Your task is to give the records again exactly. Leave each picture out.

________________________________________

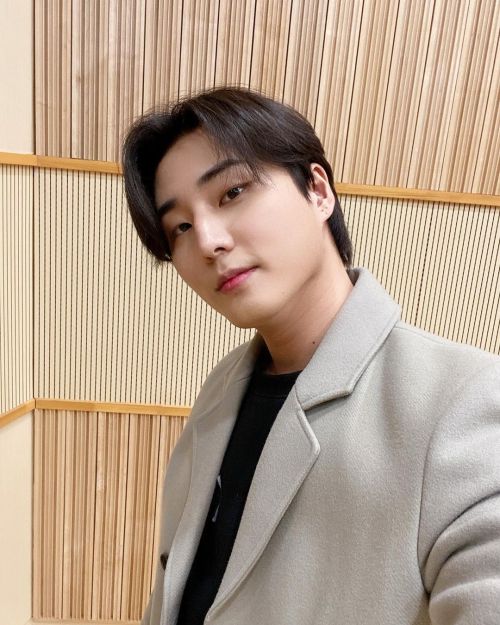 d6official:day6_kisstheradio instagram update with YoungK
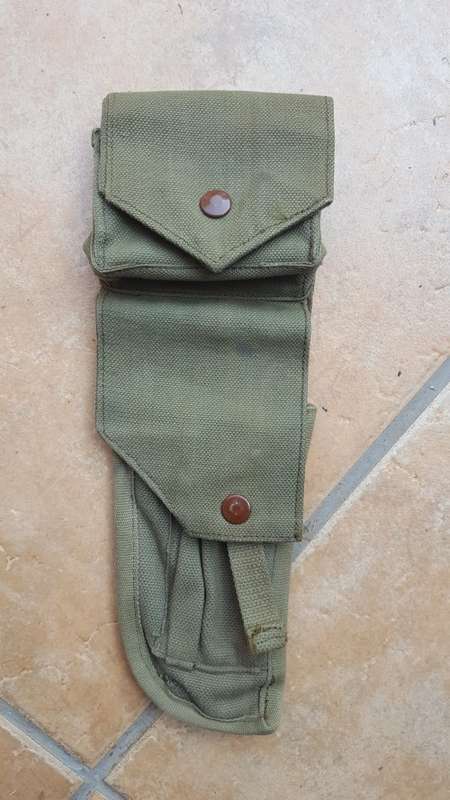 scarce excellent condition (unused?) Rhodesian era patt 69 canvas side-arm holster (BSAP?) no damage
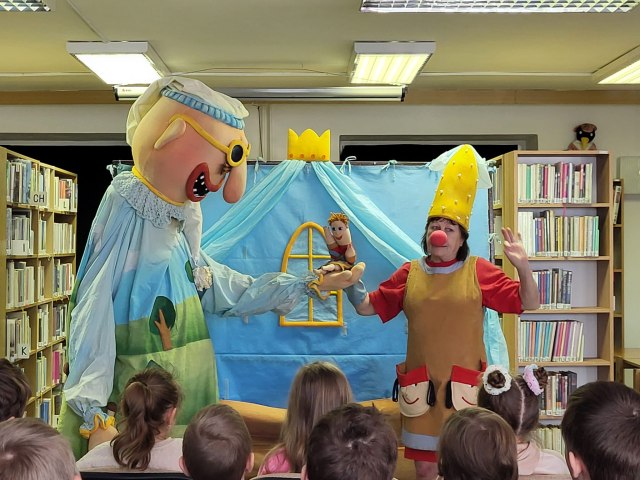 Divadlo v knihovně 3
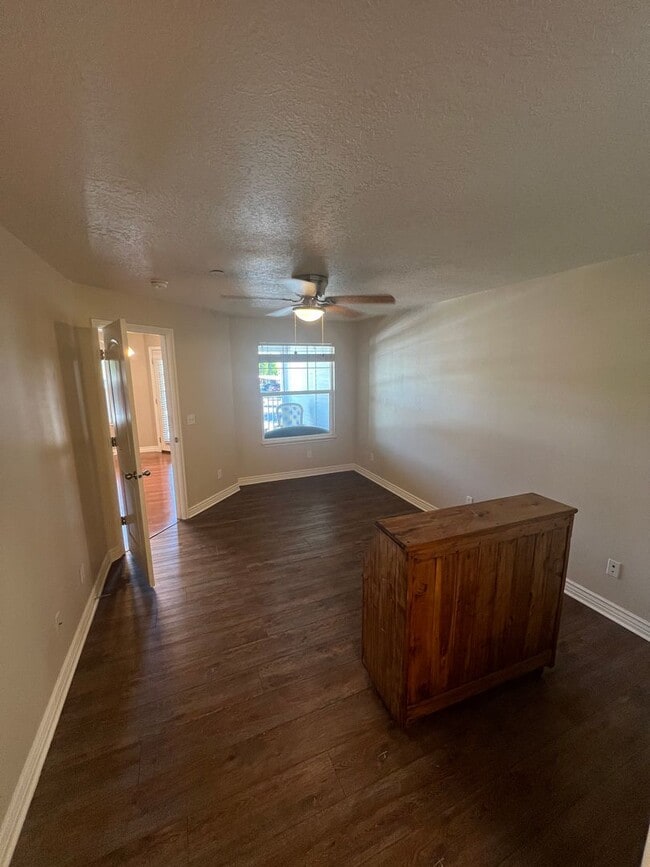 Building Photo - Beautiful Daybreak Condo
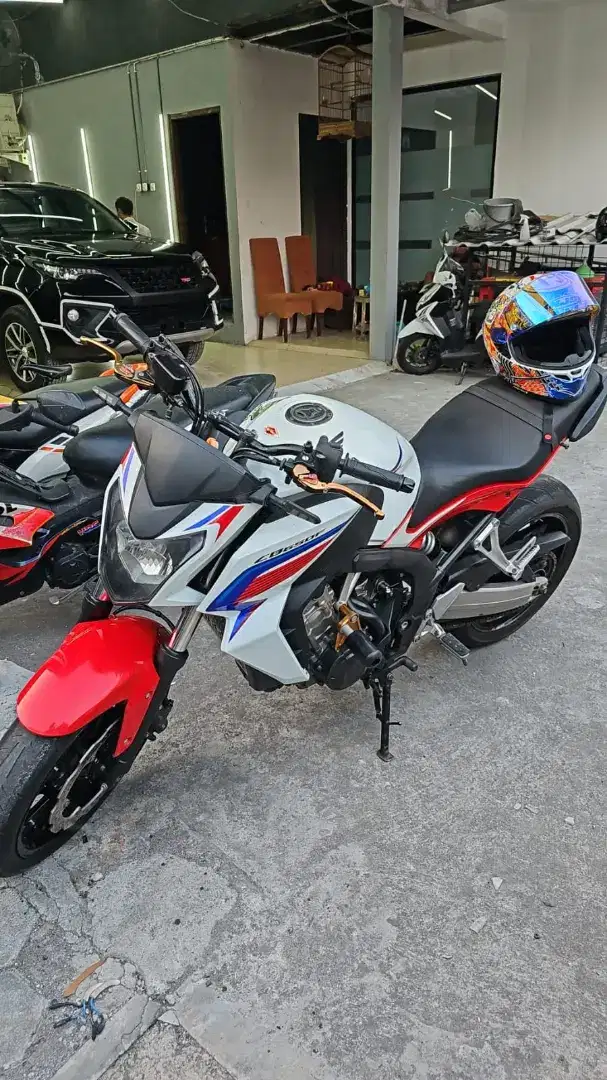 Honda CB650F HRC tahun 2015, kondisi cakep, siap pakai, no PR PR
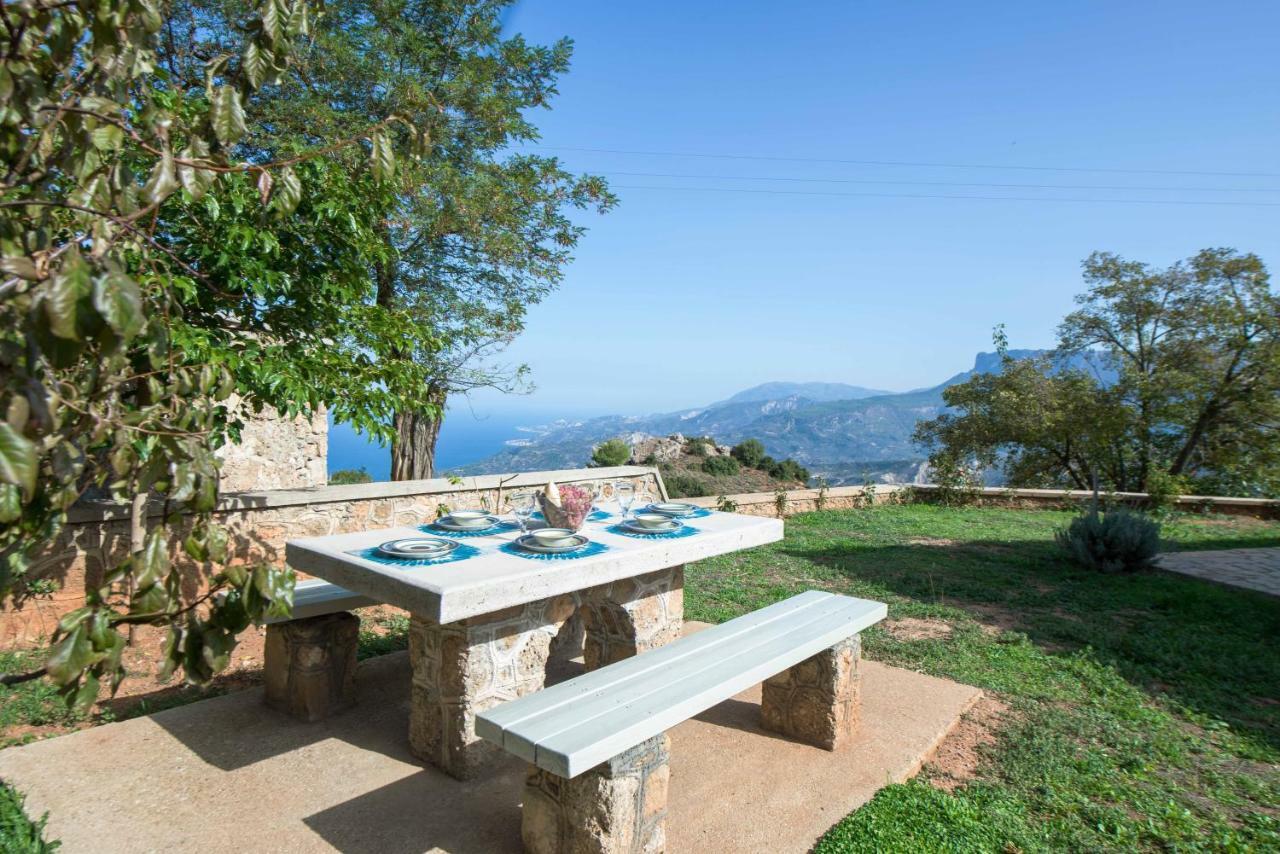 Villa Serenis Porovitsa Exterior foto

________________________________________

Completed exercise:
 d6official:day6_kisstheradio instagram update with YoungK
 scarce excellent condition (unused?) Rhodesian era patt 69 canvas side-arm holster (BSAP?) no damage
 Divadlo v knihovně 3
 Building Photo - Beautiful Daybreak Condo
 Honda CB650F HRC tahun 2015, kondisi cakep, siap pakai, no PR PR
 Villa Serenis Porovitsa Exterior foto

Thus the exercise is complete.